Equipe de Direção e Produção

  • Direção: Timur Bekmambetov
  • Roteiro: Marco van Belle
  • Produção: Charles Roven, Robert Amidon, Timur Bekmambetov e Majd Nassif
  • Empresas Produtoras: Atlas Entertainment / Bazelevs
  • Distribuição: Amazon MGM Studios (Global) / Sony Pictures (Cinemas internacionais)

Elenco Principal

  • Chris Pratt: Detetive Chris Raven
  • Rebecca Ferguson: Juíza Maddox (Interface da IA)
  • Kali Reis: Jacqueline "Jaq" Diallo
  • Annabelle Wallis: Nicole Raven
  • Kylie Rogers: Britt Raven
  • Chris Sullivan: Robert Nelson

Departamentos Técnicos

  • Trilha Sonora: Ramin Djawadi
  • Direção de Fotografia: Khalid Mohtaseb
  • Design de Produção: Chris Trujillo
  • Montagem: Austin Keeling, Lam T. Nguyen e Dody Dorn
  • Efeitos Visuais: Bazelevs VFX

Sinopse

​O detetive Chris Raven acorda preso a uma cadeira, sendo informado de que é réu em um novo tipo de julgamento. Nele, uma inteligência artificial chamada Maddox atua como júri, juiz, advogado e executor.

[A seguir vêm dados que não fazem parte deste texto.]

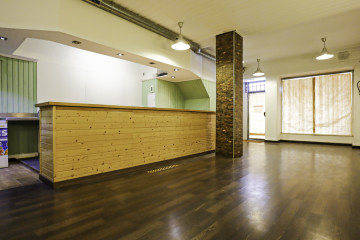 Locales-Venta-Oviedo-2331653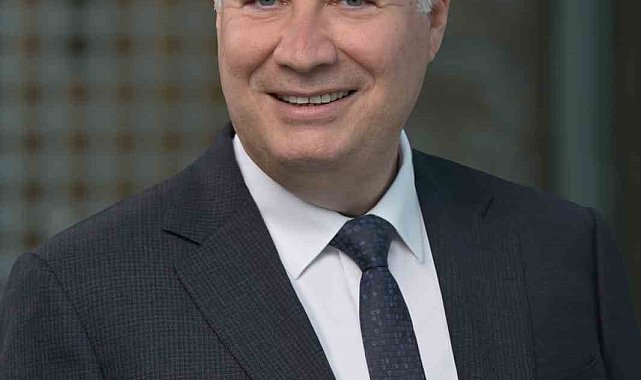 Garanti BBVA kredi kartlarında İngiliz sterliniyle ekstre seçeneği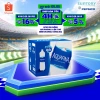 Thùng 12 chai Aquafina 1.5L - Nước tinh khiết, giảm 25% chỉ 135.000đ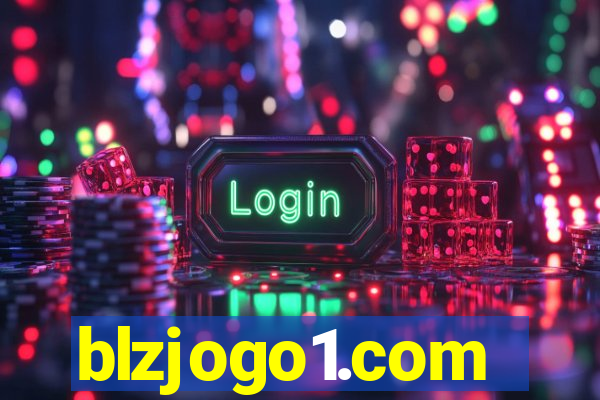 blzjogo1.com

Esse modelo de tribunal foi estabelecido devido às altas taxas de criminalidade no mundo e, por ironia do destino, Chris era justamente o detetive que mais enviava criminosos para esses julgamentos.


​Acusado de matar sua ex-esposa, ele agora tem apenas 90 minutos para provar sua inocência, utilizando todos os recursos tecnológicos que a própria Maddox oferece.

Comentários

​Nunca pensei que um filme onde o protagonista passa 98% do tempo sentado pudesse entregar tanta adrenalina.

Chris Pratt tem feito escolhas muito cautelosas em seus projetos, o que traz uma segurança para o público na hora de assistir seus filmes. Ele transmite com precisão as sensações de claustrofobia e impotência de seu personagem, preso à cadeira enquanto luta para provar sua inocência.

​O ponto mais interessante é que o Detetive Chris não é um protagonista perfeito; ele é cheio de falhas, o que faz com que nós, espectadores, cheguemos a duvidar de sua inocência em certos momentos, tornando a trama muito mais envolvente.


​A dinâmica que Chris desenvolve com a IA é fantástica. Rebecca Ferguson, que interpreta a interface da Juíza Maddox, está sensacional, conseguindo transformar uma IA "linha dura" em uma figura carismática.

​Particularmente, sou muito a favor do uso da inteligência artificial em todas as áreas possíveis. Acredito que seja uma ferramenta poderosa para nos auxiliar e penso que estamos utilizando apenas uma pequena parcela do seu potencial para a humanidade. Elas não são seres que tomarão nosso lugar, mas sim ferramentas que nos ajudarão a evoluir cada vez mais.

​A grande lição do filme, a meu ver, é que todos estamos sujeitos ao erro, mas o fundamental é fazermos todo o possível para repará-los.